Untuk mengakalinya, warga menggunakan selang untuk mengalirkan air dari atas belik menuju rumah-rumah. Biasanya, satu rumah mempunyai satu selang. Sebagian warga lainnya memilih patungan membeli selang untuk digunakan oleh dua hingga tiga rumah. Namun, pilihan ini terkadang memunculkan konflik.

“Iya ada dua rumah yang selangnya barengan dari Dompo apa Cabe itu, kemarin malam itu malah berantem gara-gara rebutan air, enggak mau gantian katanya, jadi yang satunya terus marah,” ucap Suwito, ketua RT 05 RW 01 Desa Logandu.

Konflik itu muncul di tengah langkanya air karena air merupakan salah satu kebutuhan pokok yang tanpanya, manusia tidak akan pernah bisa hidup. Tubuh manusia terdiri atas 70% air. Lihat, betapa pentingnya air untuk manusia.

Air sangat penting, apalagi di musim kering.

Karena sulitnya mendapatkan air yang cukup untuk keperluan sehari-hari, warga Desa Logandu pun tak tinggal diam. Mereka sudah pernah mencoba membuat beberapa sumur gali sedalam 15-20 meter, namun tak sampai hitungan bulan, air kembali kering.

Adi Karta, seorang warga Dukuh Karangmangu Desa Logandu adalah satu warga yang sudah membuat sumur gali di belakang rumahnya. Namun, tetap saja, usahanya sia-sia.

“Saya sudah pernah mencoba menggali sumur, patungan dengan tetangga, sampai habis berapa, ya, tapi, ya, tetap saja tidak keluar airnya,” ujarnya.

Tenaga dan biaya yang dikeluarkan pun tidak sedikit.

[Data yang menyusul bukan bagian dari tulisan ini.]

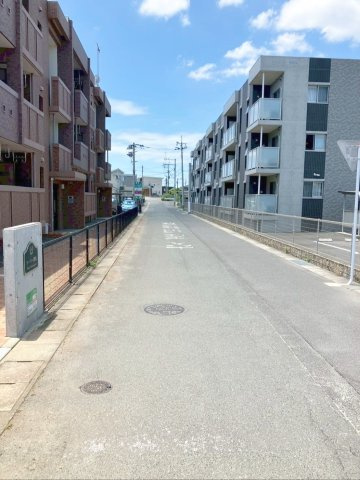《オーナーチェンジ》ソーラー櫻坂の周辺|《オーナーチェンジ物件》前面道路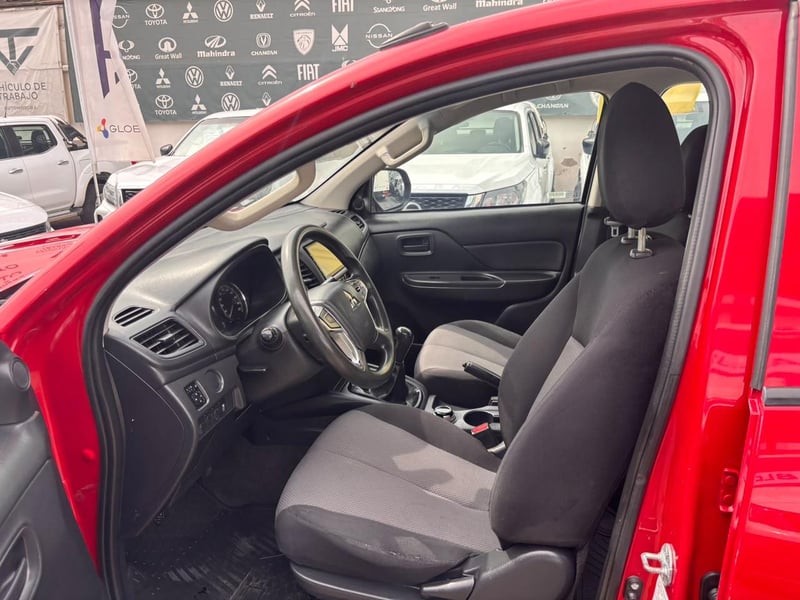 Mitsubishi L200 Katana 2.4 4x4 MT 2022 - Imagen 10 de 10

Para tetangga dikerahkan untuk membantunya membuat sumur gali tersebut. Namun, kini sumurnya dibiarkan begitu saja. Bukannya menampung air, sumurnya kini menampung sampah. Ah, sayang sekali.

Hal serupa dilakukan oleh Almarhum Bapak Suhono, salah satu sesepuh Desa Logandu. Ia pernah membuat sumur gali di halaman barat rumahnya, namun tak bisa menampung air. Kini sumurnya sudah ditutup dengan tumpukan kayu dan tidak digunakan.

“Kalau sekarang sumurnya dibiarkan saja, kan sudah enggak  pernah ada airnya,” ujar Budiarti, salah satu putri Almarhum Bapak Suhono.

Berbagai cara dilakukan untuk mendapatkan air yang cukup untuk memenuhi kebutuhan sehari-sehari mulai dari membuat sumur gali dan sumur sungai agar dapat menjaga ketersediaan air pada musim kemarau seperti saat ini. Juga, warga memasang selang untuk mengalirkan air dari belik menuju rumah.

Sumur yang sengaja dibuat di tengah sungai yang sudah kering menjadi alternatif sumber air yang dapat digunakan untuk tetap mendapatkan air untuk kebutuhan sehari-hari.

Walaupun airnya tidak begitu jernih, namun jaraknya yang dekat dengan pemukiman menjadikan sumur ini banyak dimanfaatkan oleh warga sebagai sarana pemenuhan kebutuhan sehar-sehari khususnya pada musim kemarau.